A scene from "Last Men in Aleppo"
By Ko Dong-hwan
The fourth annual non-competitive film festival founded to raise awareness of refugees in Korea was held on June 17.
The small-scale festival at Seoul Cinema in Jung-gu featured three back-to-back films each followed by guest speakers in group-visit (GV) sessions.
With its thematic catchphrase “Meet and Greet,” this year's festival first screened “Last Men in Aleppo,” a 2017 documentary about the Syrian civil war.
Directed by Firas Fayyad, the movie follows three founders of White Helmet ― an organization of ordinary citizens who rush to sites of military strikes and attacks in the hope of saving lives. The voluntary rescuers, torn between horrific scenes of reality and their own commitment, ask themselves whether to flee their country or stay and fight for it.
The movie won the World Documentary Grand Jury Prize at the 2017 Sundance Film Festival and was nominated for Best Documentary Feature at the 90th Academy Awards in March this year.
Guest speakers were Abdul Wahab from Help Syria, a Korean civic aid group dedicated to war-torn Syria, and lawyer Lee Il from Advocate for Public Interest Law (APIL) who has remained close to about 1,200 Syrian refugees in Korea.

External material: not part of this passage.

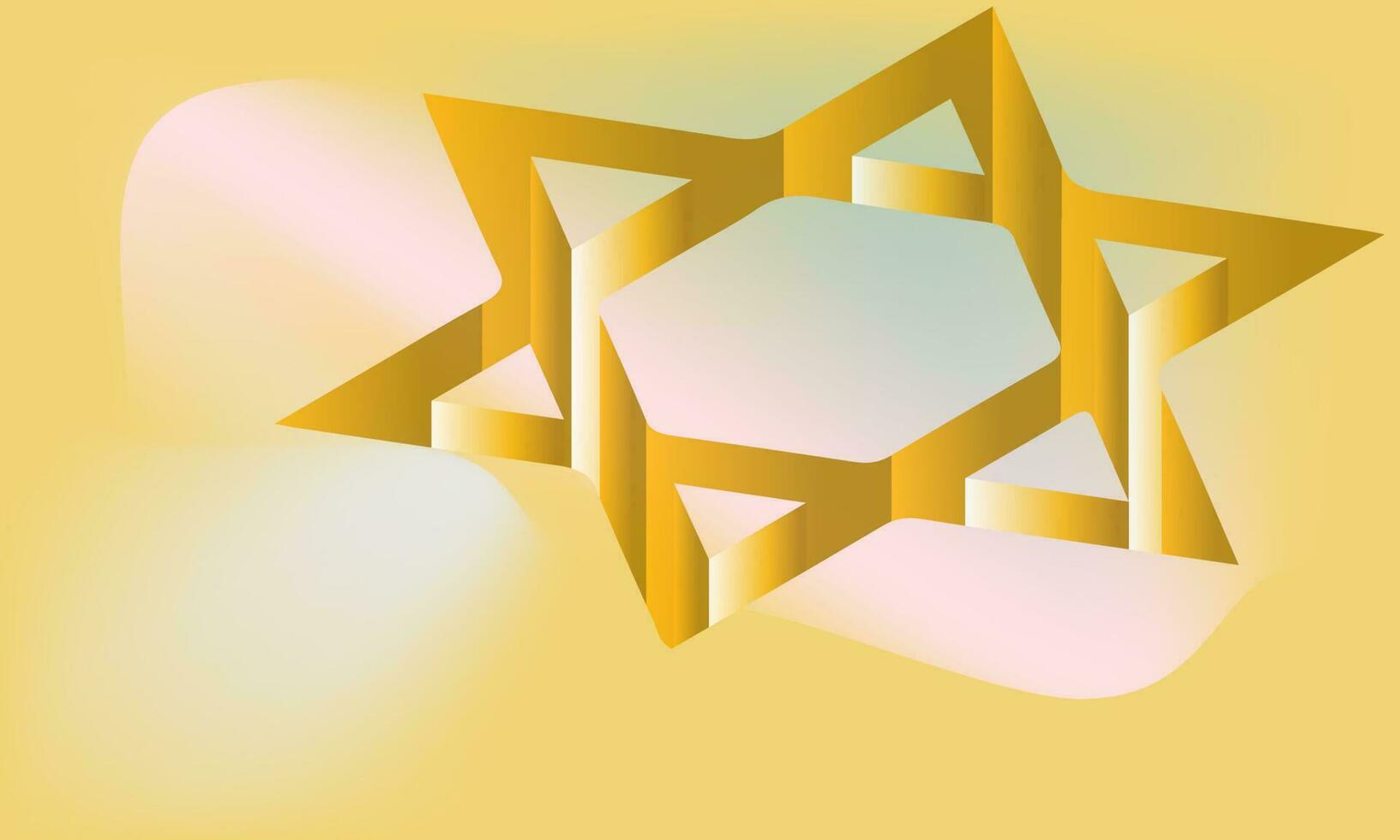 golden hanukkah background with gradient and copy space for your text. Vector illustration landscape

The refugee film festival began in 2015 when a network of Korean activists trying to raise awareness of refugees in Korea decided that usual methods like flash mobs and distributing leaflets at street booths were no longer effective.
After basing their campaign around World Refugee Day on June 20 since 2011, they turned to hosting a film festival. This year, 12 civic groups sponsored the festival. The groups include whistleblowers on migrant and immigrant issues, public law firms, human rights foundations and a community for migrant women.

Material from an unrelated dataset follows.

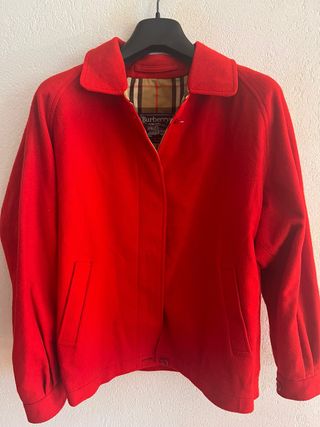 Giacca Vintage Burberry's Rossa in Lana e Alpaca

The festival also featured a Korean film “The Breath,” a documentary, released for the first time at the festival, about Jumma people from Bangladesh who live in Gimpo, Gyeonggi, as refugees. Some of the refugees appeared as guest speakers.
The last film “Nice People” from 2015 is about 3,000 Somali refugees in a small town in Sweden who play bandy ― a winter sport similar to ice hockey ― with the aim of competing in an international championship. Ultimately, their efforts help overcome local Swedish prejudice against them. Representatives of Korean activist groups fighting for migrant women attended as guests.
Hosted by APIL and the refugee supporter network, the festival aims to publicize the fact that there are refugees in Korea and that Koreans must get along with them.
Although South Korea became the first country in East Asia to enact its own refugee law in 2012, the country has accepted only 2 percent of applicants for refugee status.